Cash flow and profit: these are two terms that seem to be used interchangeably, in spite of how vastly different their definitions are. However, it is imperative that such a mistake is not made in the business world – especially in the case of a startup or a small business that is striving to expand – as it can have negative impacts on how a business is actually run.

To clarify, here are several ways in which cash flow and profit differ:

Firstly, cash flow is defined as “the money that is moving (flowing) in and out of your business in a month.” Money flows into a business when customers or clients purchase your products or services. Meanwhile, money flows out of your business when you pay expenses such as rent or mortgage, monthly loan payments, taxes, and so on.

Profit, on the other hand, is defined as “the money a business makes after accounting for all expenses.” This is the money a business is left with after making loan, rent, mortgage, or other payments.

Seeing as these terms are not synonymous, it is possible for a business to make an excellent profit but have little cash flow.
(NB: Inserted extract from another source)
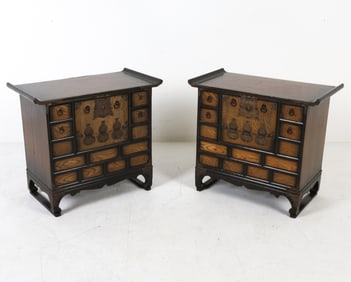 Calligraphy to backs. Brass hardware. Drop down slat center panels with apothecary drawers.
This is typically seen in small businesses that are just getting off the ground, during which time a temporary line of credit is likely used to maintain a positive cash flow.

However, such a trend is detrimental to an established business, as an inadequate cash flow means they cannot pay suppliers of materials, rent or mortgage, or other vital expenses. This is why some successful and profitable businesses have been driven into bankruptcy, even during a time of growth.

It is important to note that growth is not inherently good for a company. Unfortunately, if a company sees a sudden spike in popularity and an increase of new orders, their expenses could skyrocket past the breakeven point and diminish their remaining profit.

If a business is diligent and remains up-to-date on all of their relevant cost data, they may be able to counteract these effects and reestablish their profitability. However, this occurs very rarely, hence why so many small businesses – and even some larger corporations – must close their doors for good.

The best way to combat these major fluctuations is to be mindful of your expenses, keep track of cash flow and profit, and review the possibility of curbing growth in order to work toward long-term success.